De quoi soutenir la consommation des ménages, c’est le but en tout cas. De quoi aussi soulager les dépenses publiques : l’Etat devrait économiser quelques 900 millions d’euros en prestations sociales.
Le salaire minimum et l’Europe
De nombreux Etats membres de l’Union Européenne ont instauré un salaire minimum. Les niveaux de salaire minimum varient fortement : de 158 euros par mois en Bulgarie à 1874 euros par mois au Luxembourg, soit 12 fois plus. La France fait partie des Etats les plus généreux, à la cinquième place derrière le Luxembourg, la Belgique, les Pays-Bas et l’Irlande.
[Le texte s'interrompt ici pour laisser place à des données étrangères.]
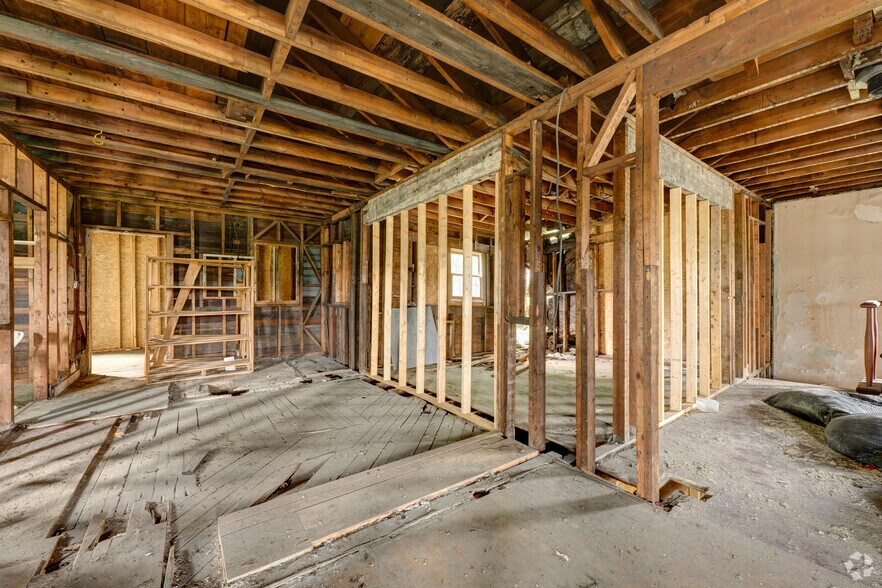 More Photos Of 754 S Main St, Elmira General Retail For Sale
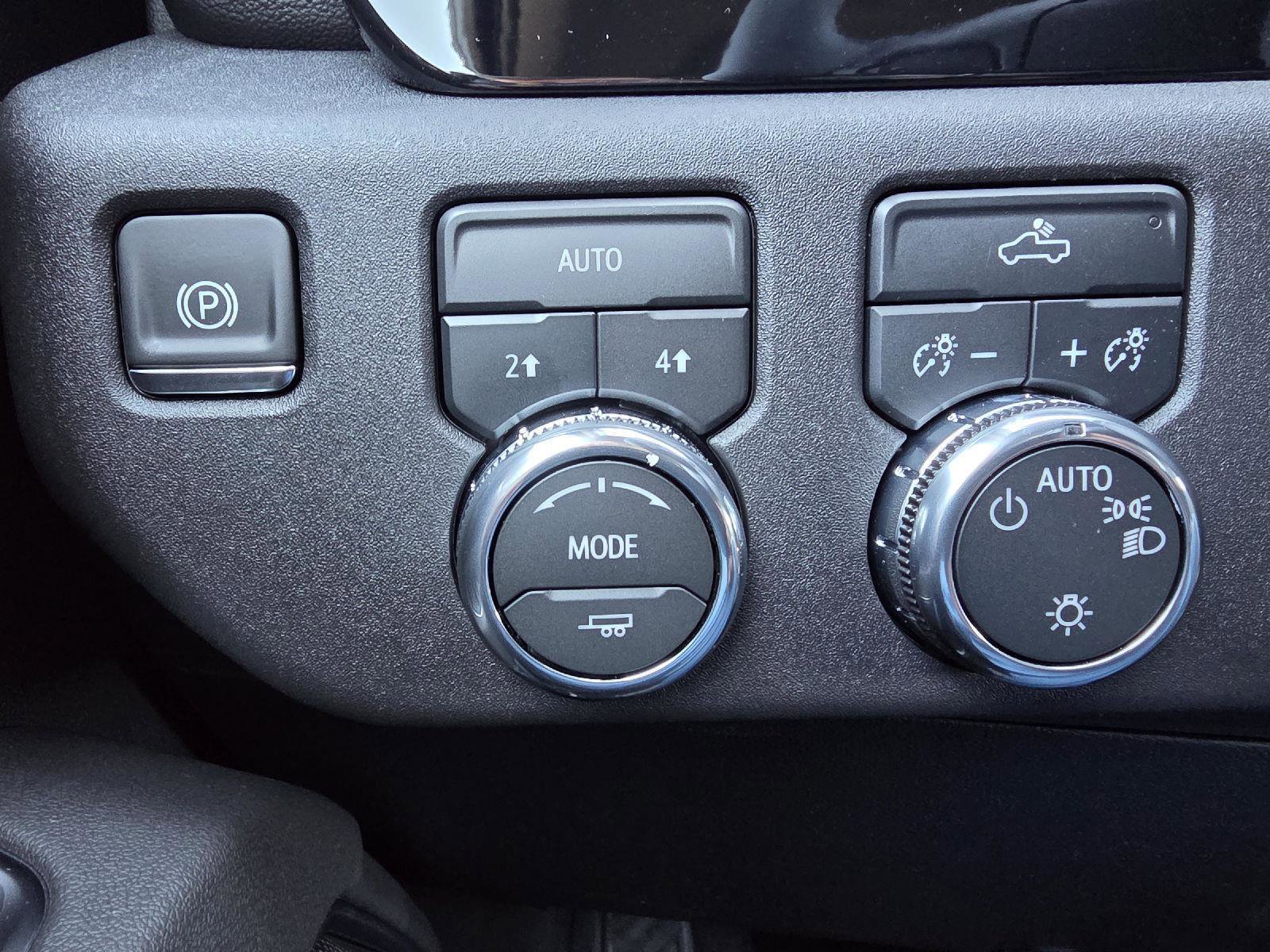 New 2026 GMC Sierra 1500 SLE image 22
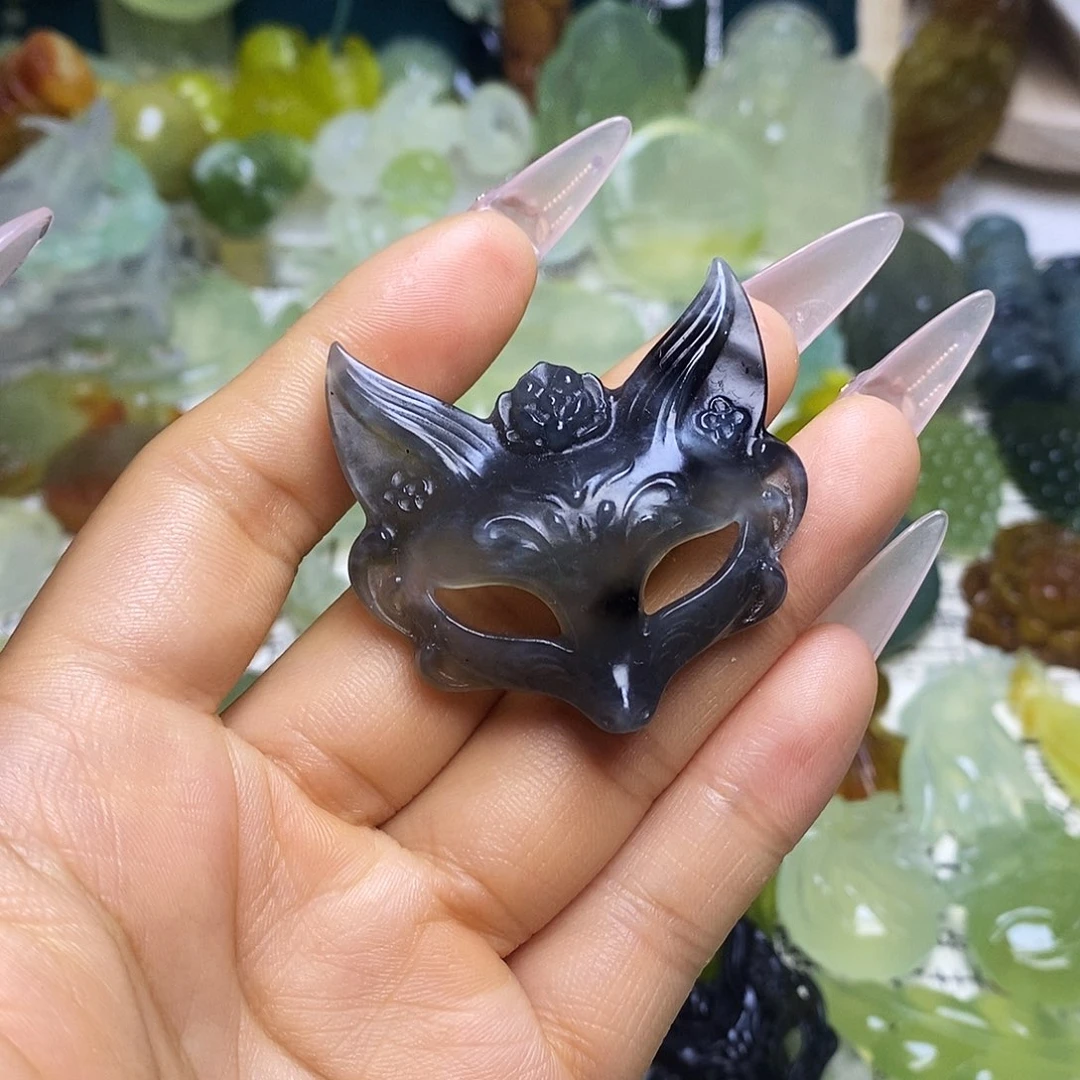 蛇纹石玉未镶嵌颈饰迪*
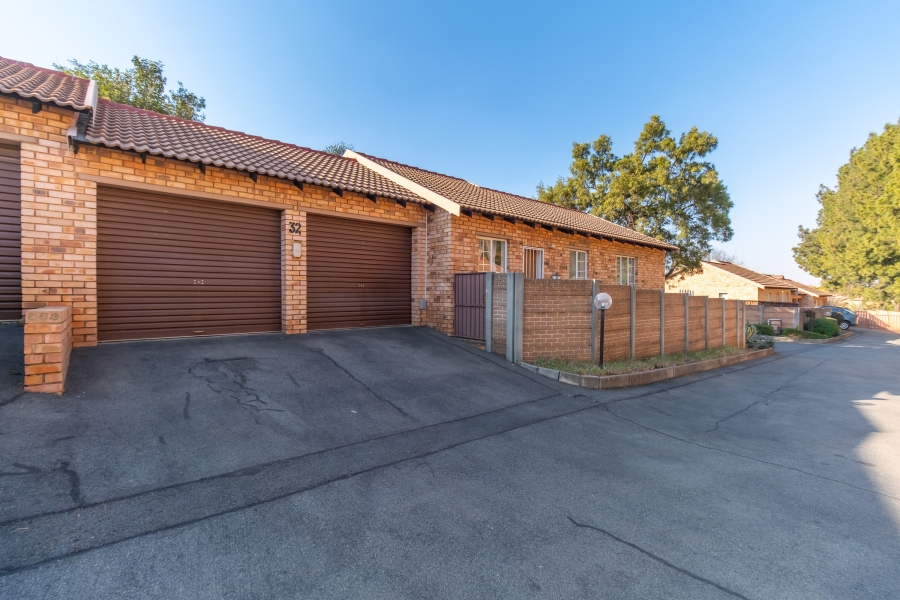 3 Bedroom Property for Sale in Sundowner Gauteng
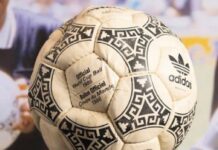 Топката со која Марадона го постигна голот „Божјата рака“ е продадена за 3,3 милиони долари!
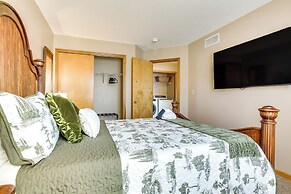 17 Mi to Columbus: Pickerington Home w/ Fire Pit!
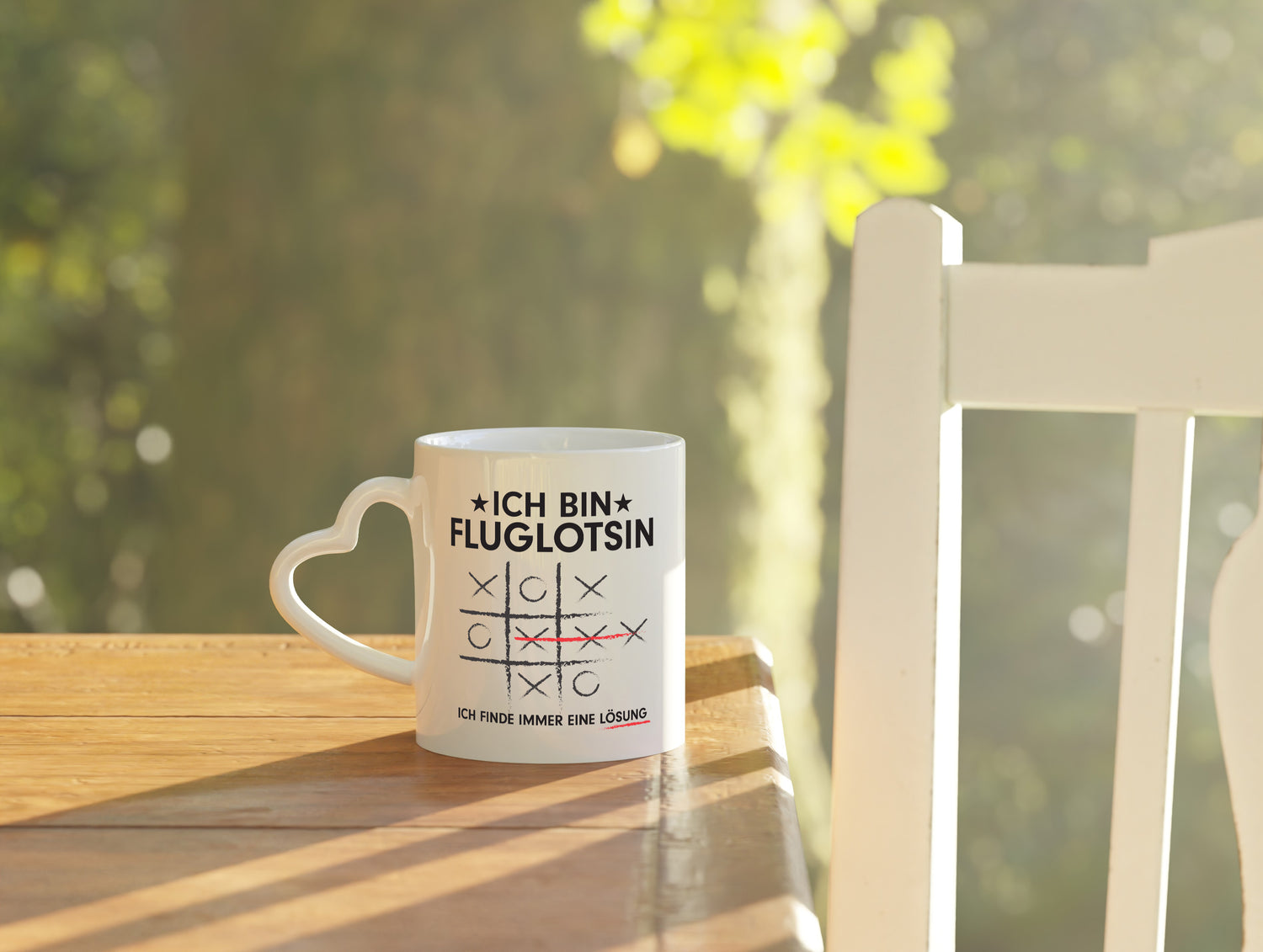 Lösung Finden: Fluglotsin | Flughafen | Flugverkehr - Herzhenkel Tasse - Kaffeetasse / Geschenk / Familie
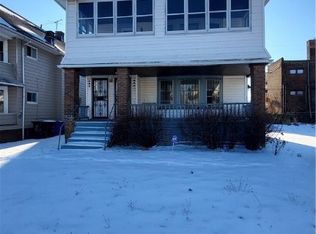 872 Paxton Rd, Cleveland, OH 44108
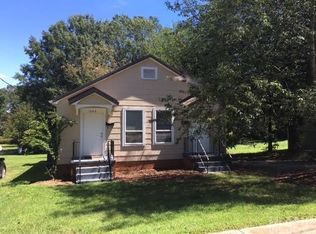 1044 12th St NE, Hickory, NC 28601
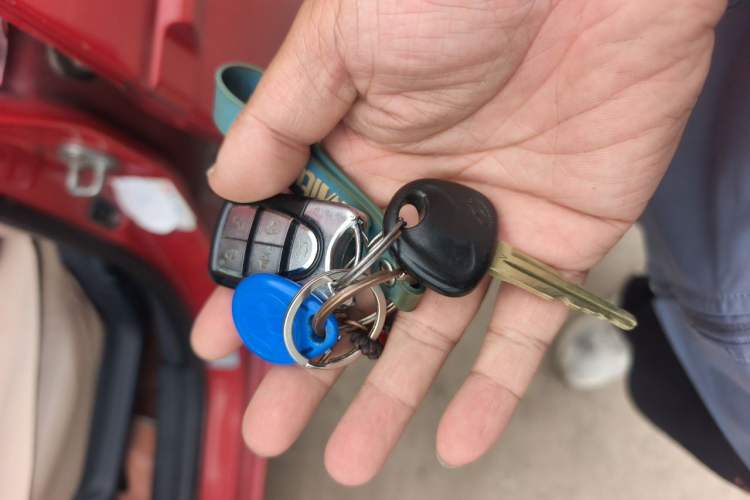 Used Hyundai Accent 2011 1.4 Manual Comfort Version Vehicle Key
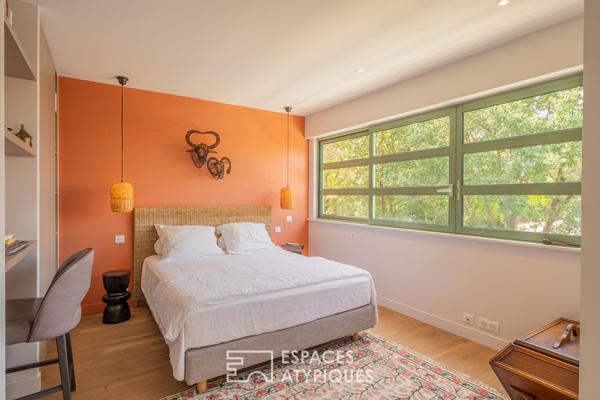 Villa d’architecte habillée de bois au coeur de Valescure
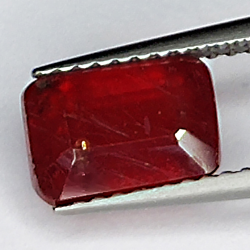 2.75ct Rubin smaragdschliff 8.3x5.7mm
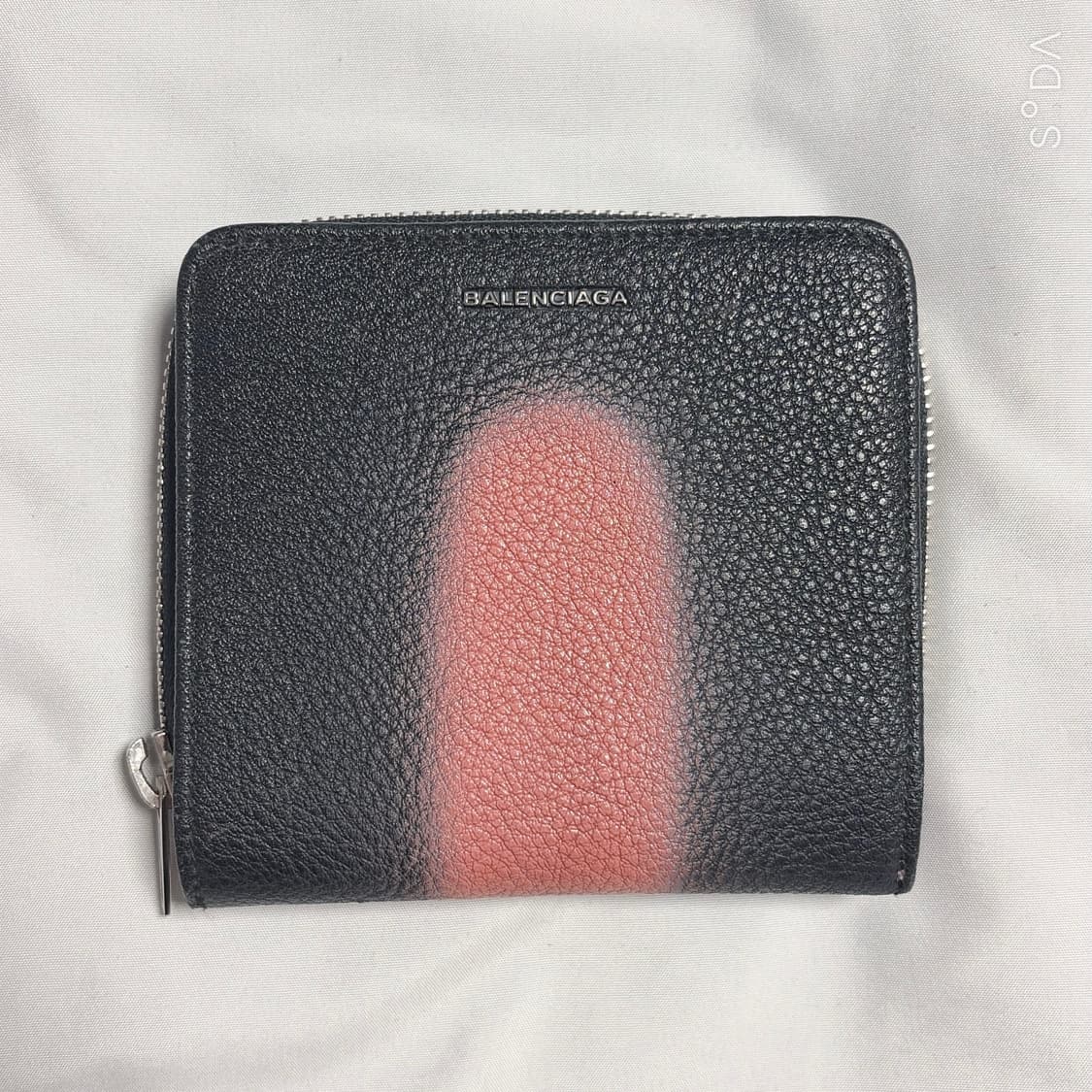 발렌시아가 스프레이 이펙트 반지갑 상품이미지1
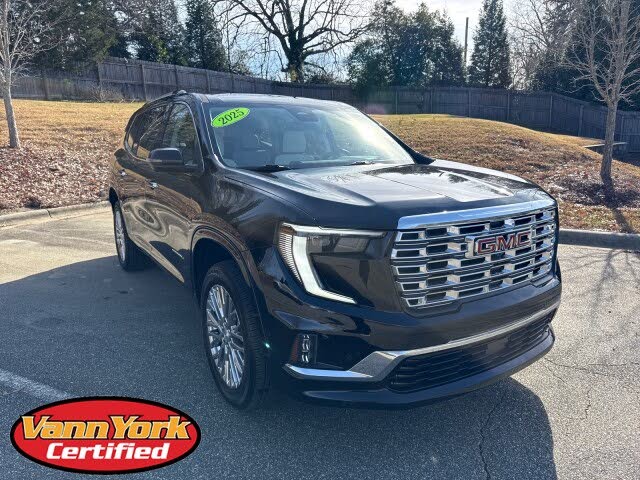 2025 GMC Acadia Denali FWD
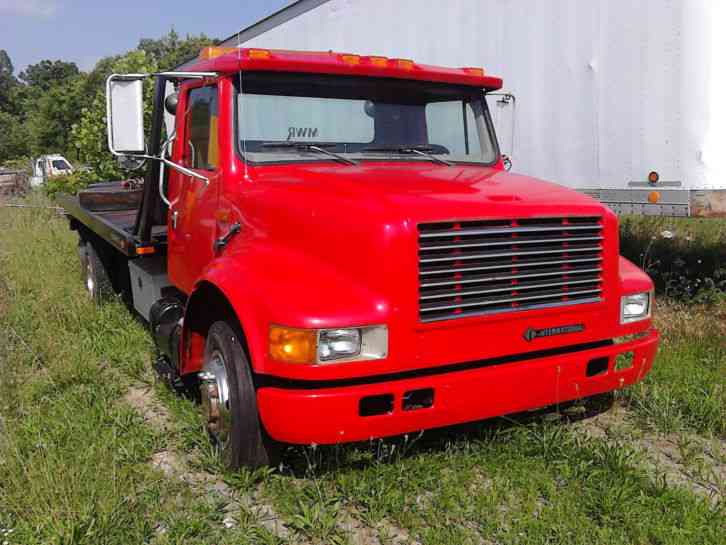 International 4700 (1996)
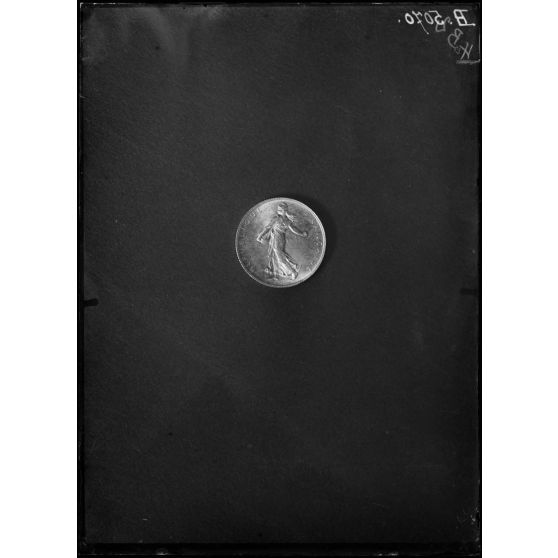 Paris, Bibliothèque nationale, pièce d'argent France. Semeuse de Roty 2 francs. [légende d’origine]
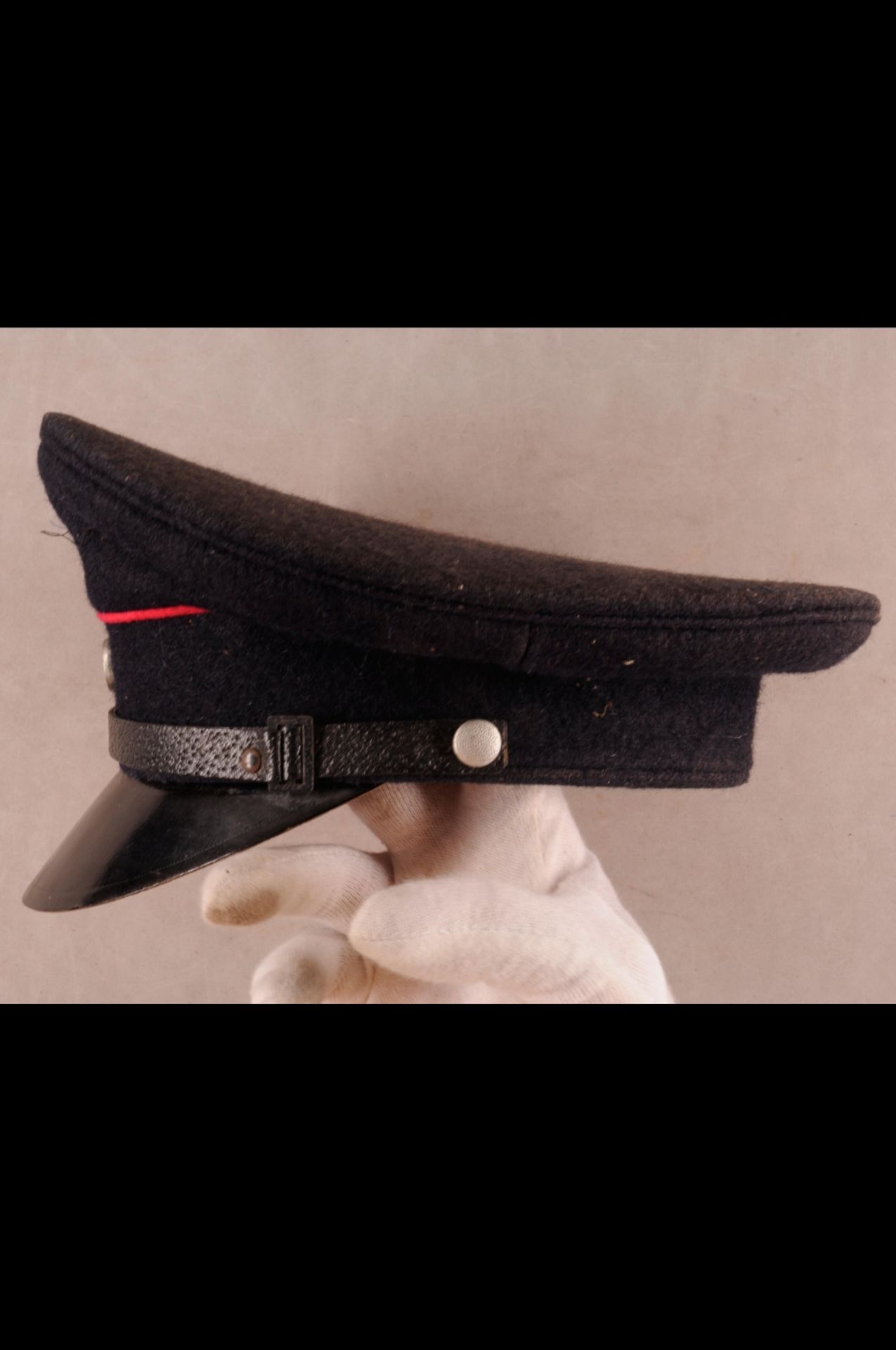 Fire-brigade / Police, estate with 13 x peaked cap, 4 x stem cap, 5 x helmet, 13 x uniforms / - Image 104 of 118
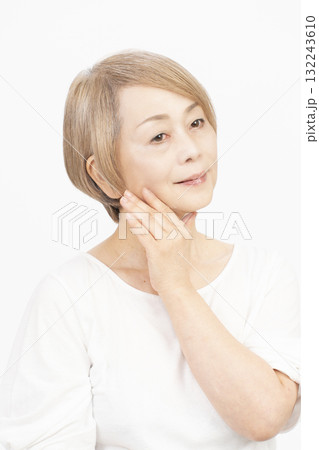 シニア女性　グレイヘアー　明るい髪色のシニア女性 132243610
1 Salaires minimums entre 157 à 372 euros (Bulgarie, Roumanie, Lituanie, Lettonie, République tchèque, Estonie, Hongrie, Slovaquie, Pologne, Croatie)
2 salaires minimums entre 566 et 784 euros (Portugal, Grèce, Malte, Espagne, Slovénie)
3 salaires, entre 1264 et 1874 euros (Royaume-Uni, France, Irlande, Pays-Bas, Belgique, Luxembourg, Allemagne).
En Autriche, à Chypre, au Danemark, en Finlande, en Italie et en Suède, un salaire minimum par branches est déterminé par la négociation entre les partenaires sociaux.